## [Supplied records]
══════════
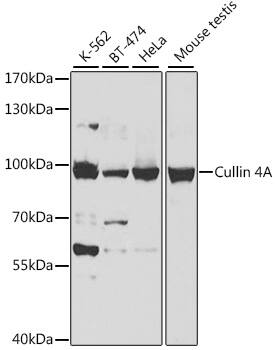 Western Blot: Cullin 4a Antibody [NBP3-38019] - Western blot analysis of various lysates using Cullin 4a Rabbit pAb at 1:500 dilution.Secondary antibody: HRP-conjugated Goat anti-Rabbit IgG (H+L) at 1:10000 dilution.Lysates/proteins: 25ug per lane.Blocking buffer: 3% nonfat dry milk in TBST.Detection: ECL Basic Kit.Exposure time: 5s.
══════════
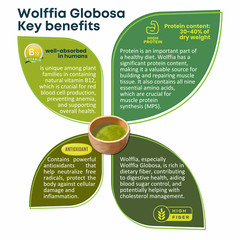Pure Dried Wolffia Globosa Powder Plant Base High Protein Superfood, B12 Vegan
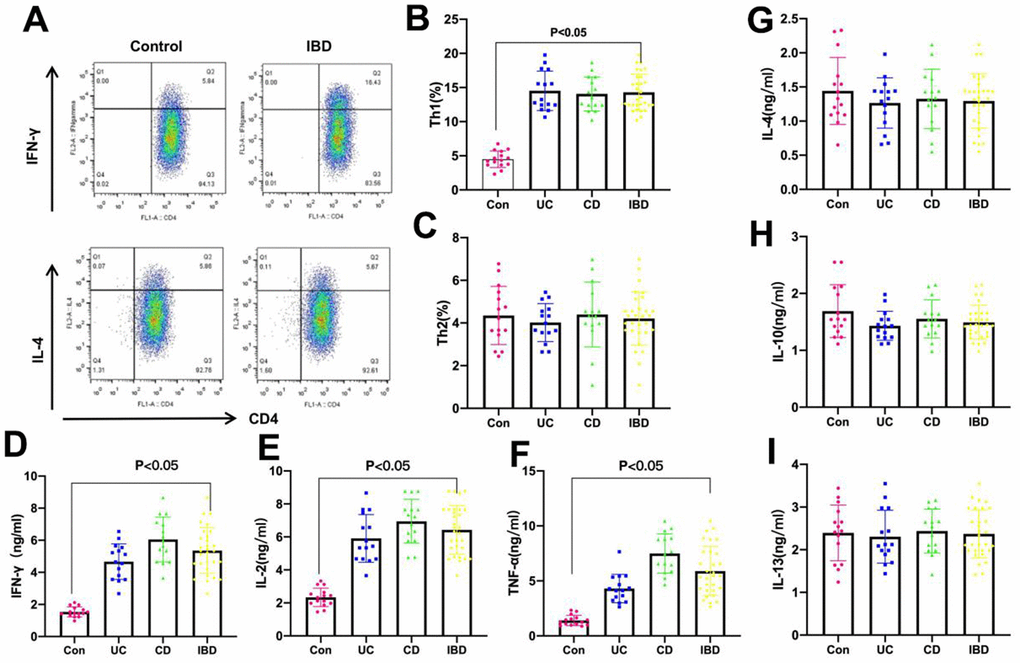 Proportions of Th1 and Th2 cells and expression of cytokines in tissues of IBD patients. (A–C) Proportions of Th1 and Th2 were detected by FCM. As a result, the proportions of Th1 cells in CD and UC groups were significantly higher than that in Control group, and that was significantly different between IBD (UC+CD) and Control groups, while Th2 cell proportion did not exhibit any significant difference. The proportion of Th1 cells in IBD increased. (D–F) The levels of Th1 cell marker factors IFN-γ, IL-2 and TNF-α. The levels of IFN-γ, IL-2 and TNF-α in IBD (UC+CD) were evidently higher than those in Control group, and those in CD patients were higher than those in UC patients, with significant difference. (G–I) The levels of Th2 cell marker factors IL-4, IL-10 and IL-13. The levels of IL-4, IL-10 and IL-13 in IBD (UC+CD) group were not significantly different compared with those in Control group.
══════════
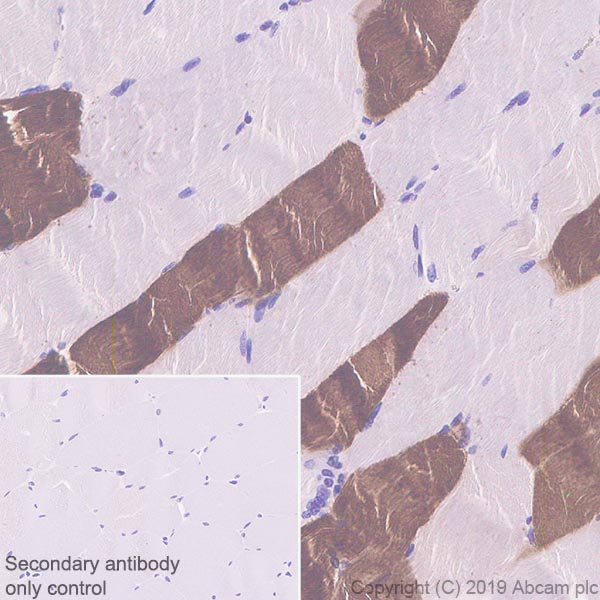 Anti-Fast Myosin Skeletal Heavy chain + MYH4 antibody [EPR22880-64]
══════════
## [Activity]
Set down word for word the lines above from the one with "Pure Dried Wolffia" up to and including the one with "Proportions of Th1 and Th2 cells". Omit every picture.

## [Task result]
Pure Dried Wolffia Globosa Powder Plant Base High Protein Superfood, B12 Vegan
 Proportions of Th1 and Th2 cells and expression of cytokines in tissues of IBD patients. (A–C) Proportions of Th1 and Th2 were detected by FCM. As a result, the proportions of Th1 cells in CD and UC groups were significantly higher than that in Control group, and that was significantly different between IBD (UC+CD) and Control groups, while Th2 cell proportion did not exhibit any significant difference. The proportion of Th1 cells in IBD increased. (D–F) The levels of Th1 cell marker factors IFN-γ, IL-2 and TNF-α. The levels of IFN-γ, IL-2 and TNF-α in IBD (UC+CD) were evidently higher than those in Control group, and those in CD patients were higher than those in UC patients, with significant difference. (G–I) The levels of Th2 cell marker factors IL-4, IL-10 and IL-13. The levels of IL-4, IL-10 and IL-13 in IBD (UC+CD) group were not significantly different compared with those in Control group.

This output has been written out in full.